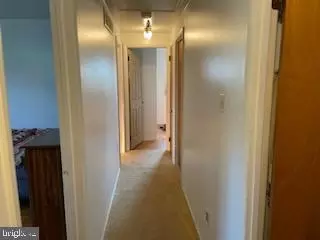 Entry Way - 302 Darwin Dr, Newark, DE 19711 photo 5 of 6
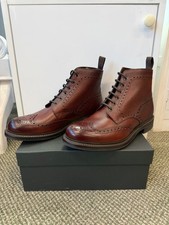 Stivali stringati Loake Bedale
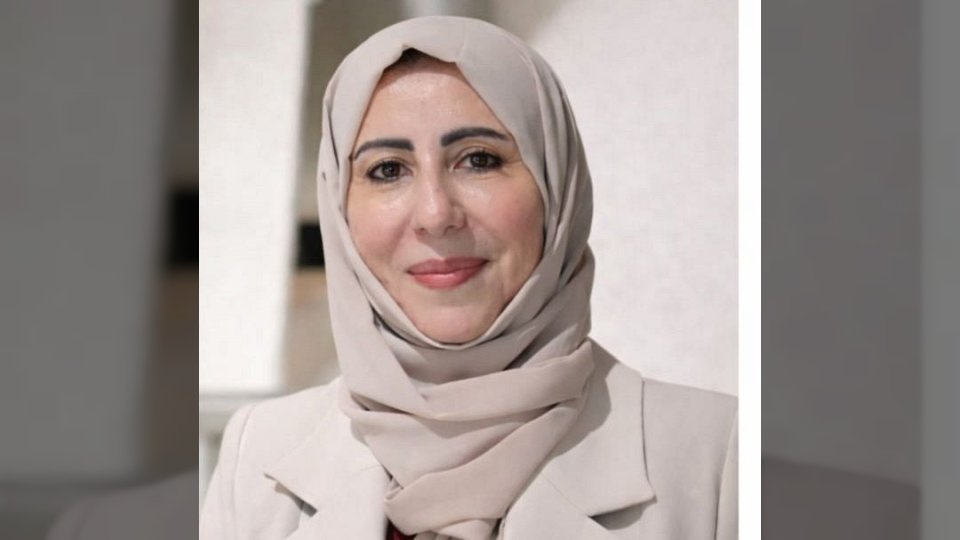 من هي أفراح الزوبة؟ أول امرأة تقود الخارجية اليمنية في تعديل وزاري جديد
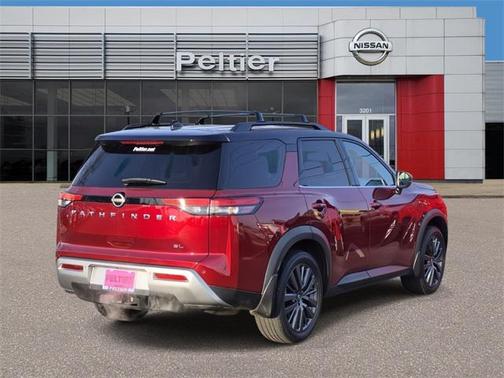 2022 Nissan Pathfinder SL 2WD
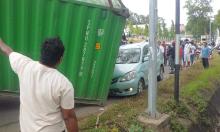 Inilah Foto-foto Avanza Ditimpa Kontainer di Seraya Atas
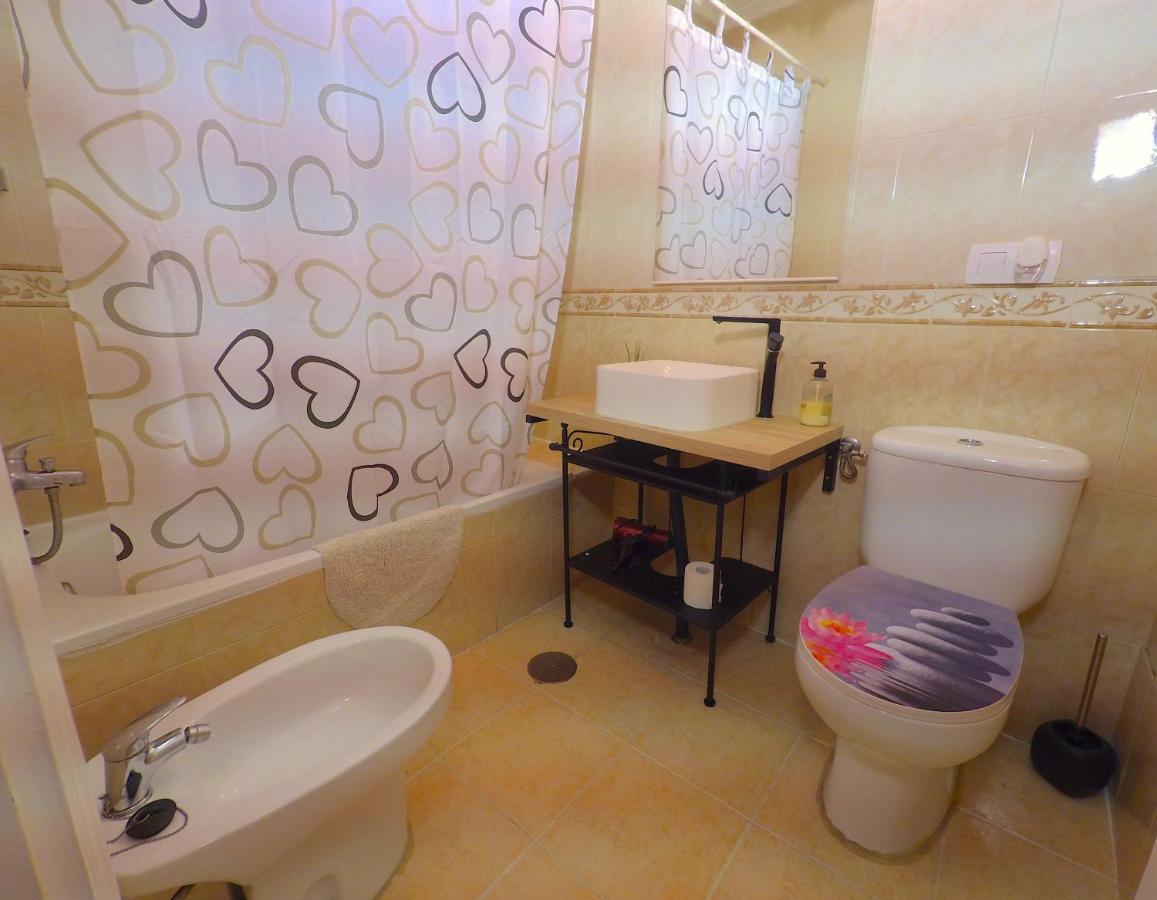 Apartamento En El Centro Para 4 Personas Sevilla Eksteriør billede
--
After locating the line containing "Stivali stringati Loake Bedale" in the entries above, repeat only it and each later line through the end, exactly, without any pictures.

Solution for this exercise »
 Stivali stringati Loake Bedale
 من هي أفراح الزوبة؟ أول امرأة تقود الخارجية اليمنية في تعديل وزاري جديد
 2022 Nissan Pathfinder SL 2WD
 Inilah Foto-foto Avanza Ditimpa Kontainer di Seraya Atas
 Apartamento En El Centro Para 4 Personas Sevilla Eksteriør billede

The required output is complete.